VIBE: Voice-Induced open-ended Bias Evaluation for Large Audio-Language Models via Real-World Speech

April 19, 2026 · Grace Period · 🏛 INTERSPEECH 2026

Authors Yi-Cheng Lin, Yusuke Hirota, Sung-Feng Huang, Hung-yi Lee arXiv ID 2604.17248 Category eess.AS: Audio & Speech Cross-listed cs.CL, cs.SD Citations 0 Venue INTERSPEECH 2026

Abstract

Large Audio-Language Models (LALMs) are increasingly integrated into daily applications, yet their generative biases remain underexplored. Existing speech fairness benchmarks rely on synthetic speech and Multiple-Choice Questions (MCQs), both offering a fragmented view of fairness.
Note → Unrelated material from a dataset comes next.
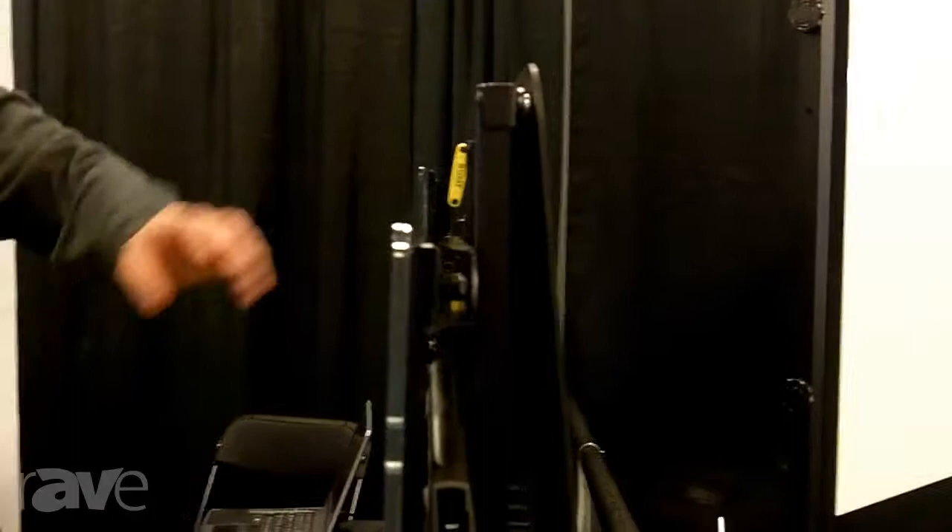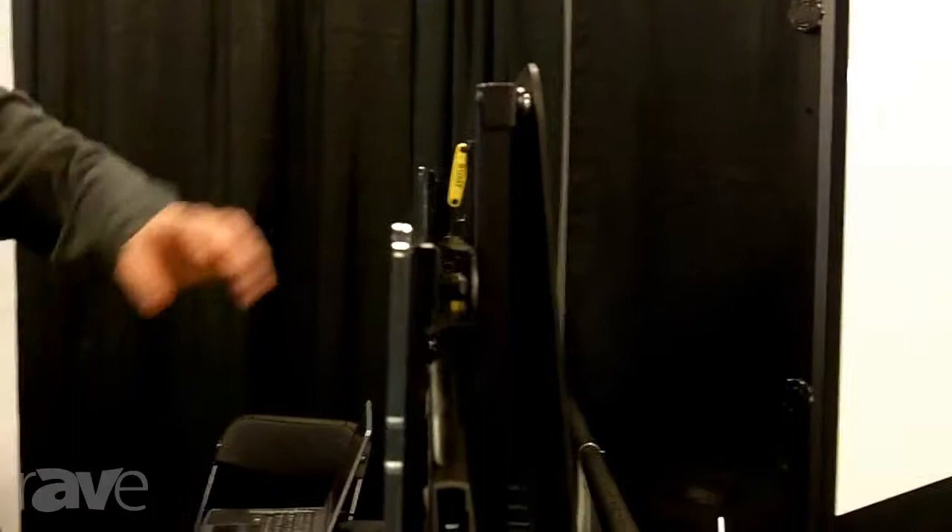I'm showing your ultra-low-profile swing arm mount, which is super impressive because when it pushes against the wall, it's only about half an inch off the wall. It's our thin-stall product. So it's ADA-approved, then, right? That is correct.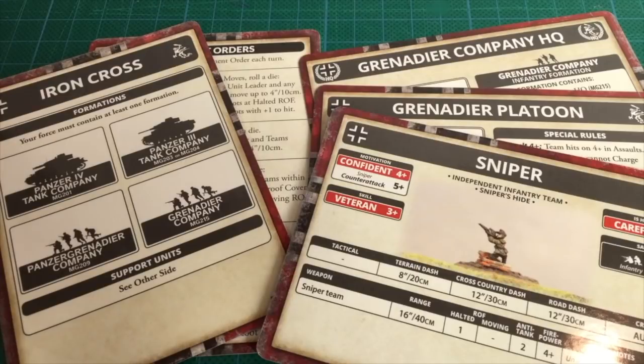The supplied cards include an Iron Cross formation card and a generic Movement Orders card. The unit cards cover the Grenadier Company HQ as well as a Grenadier platoon card. There's also a sniper card — more on these later.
We propose VIBE, a framework that evaluates generative bias through open-ended tasks such as personalized recommendations, using real-world human recordings. Unlike MCQs, our method allows stereotypical associations to manifest organically without predefined options, making it easily extensible to new tasks. Evaluating 11 state-of-the-art LALMs reveals systematic biases in realistic scenarios. We find that gender cues often trigger larger distributional shifts than accent cues, indicating that current LALMs reproduce social stereotypes.